Dan Gustafson bought a 5-foot-wide strip out of land wedged between two homes on Medicine Lake in Plymouth.
File photo by RICHARD SENNOTT • email@example.com,
Dispute over Medicine Lake dock continues
- Article by: Kelly Smith
- Star Tribune
- April 3, 2014 - 9:35 PM
The dispute over whether a Medicine Lake shoreline owner can build a dock is continuing after the Plymouth Planning Commission denied Dan Gustafson’s request to build a dock on his unusual 5-foot-wide plot of land.
The Minnetonka resident bought the narrow strip of lakeshore — a leftover old fire lane wedged between two lake homes — two years ago just so he could dock his boat there instead of buying a lake home or renting a boat slip. The city argues it would be too close to his neighbors.
On Tuesday, the Planning Commission unanimously approved a change that allows docks on land that doesn’t have a principal building — like a house — because, the city said, they already have allowed properties to do that and docks are unique, seasonal structures. That would grant Gustafson approval for his dock, except that the commission said the dock would only be allowed if it’s placed 6 feet or more from the side lot lines — a requirement Gustafson’s 5-foot-wide and 100-foot-long property won’t meet.
“This isn’t just about Mr. Gustafson, it’s about everybody who has lake right access,” Jim Erickson, Gustafson’s lobbyist, told the commission..
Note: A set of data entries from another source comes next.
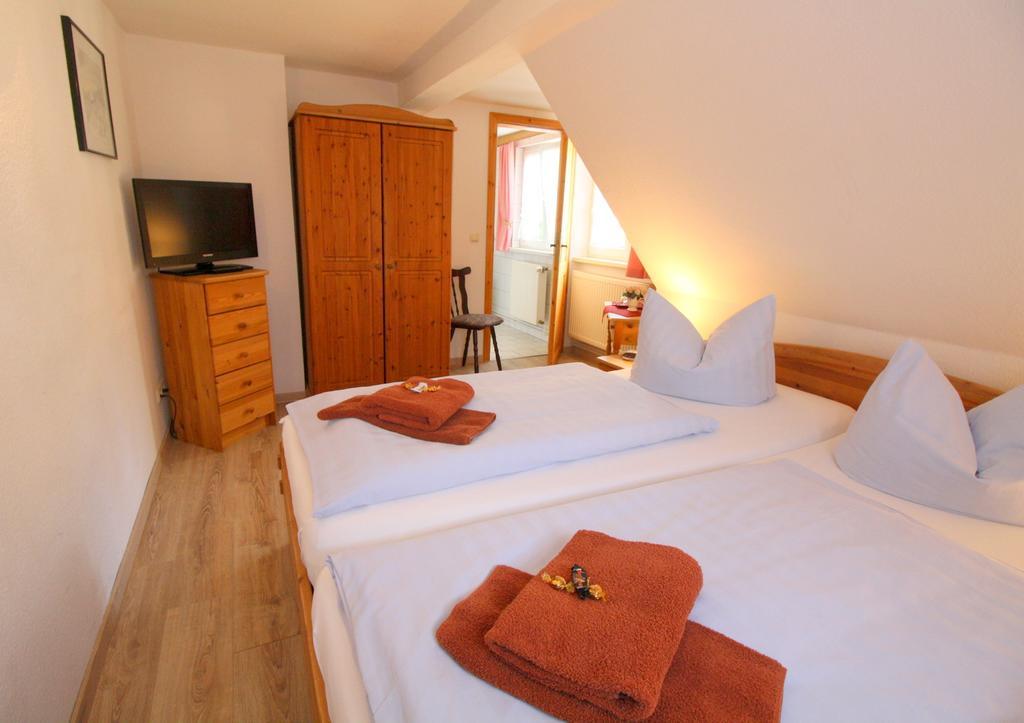 Hotel Brockenstuebchen Schierke Eksteriør bilde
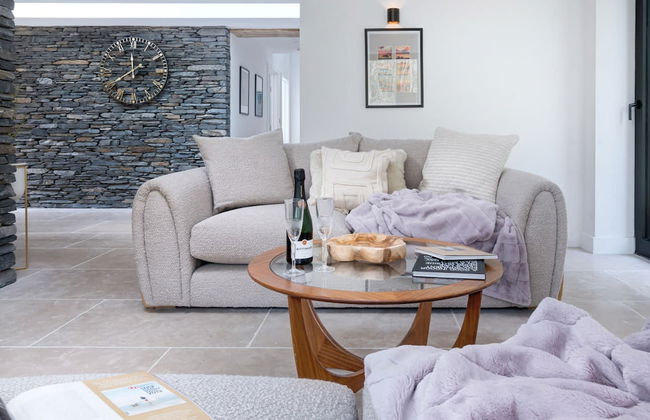 Fawns Keep - Hot Tub and Sauna Retreat - Foto 18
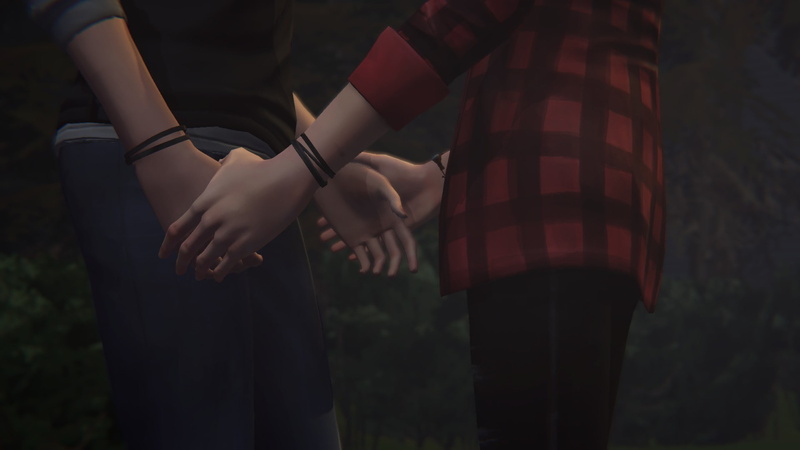 Life Is Strange, Chloe Price, Rachel Amber, 1080P, Arcadia Bay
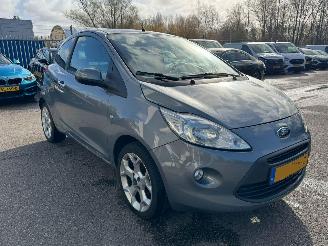 Ford Ka 1.2 Titanium X start/stop picture 8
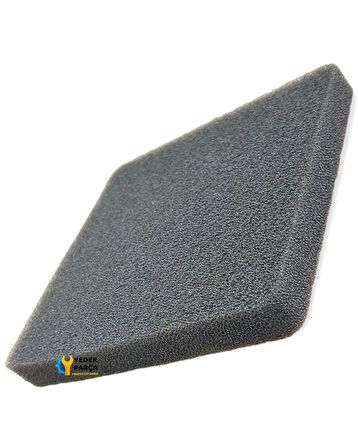 Arçelik Uyumlu S 7590 Imperium Süpürge Ön Sünger Filtre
The city says the setback rules are needed to prevent conflict between property owners and protect their rights. Gustafson’s two neighbors, who also have an attorney, are encouraging the city to reject the dock because it would impede their land.
“That doesn’t make sense; those neighbors bought their property knowing that lot was for sale,” Gustafson said after the meeting.
Now, he’s returning to City Hall on April 22 to argue his case again to the City Council, saying that he’s being deprived of his riparian rights as a lake property owner.
The City Council will consider the Planning Commission’s recommendation at the April 22 meeting; the council had denied his appeal last October. If that happens again Tuesday, Gustafson said he’ll go to court to get a judge’s interpretation of the laws.
“It’s going to be a question of whether they want to work on it on the front end,” he said, “ … or [in] legal action.”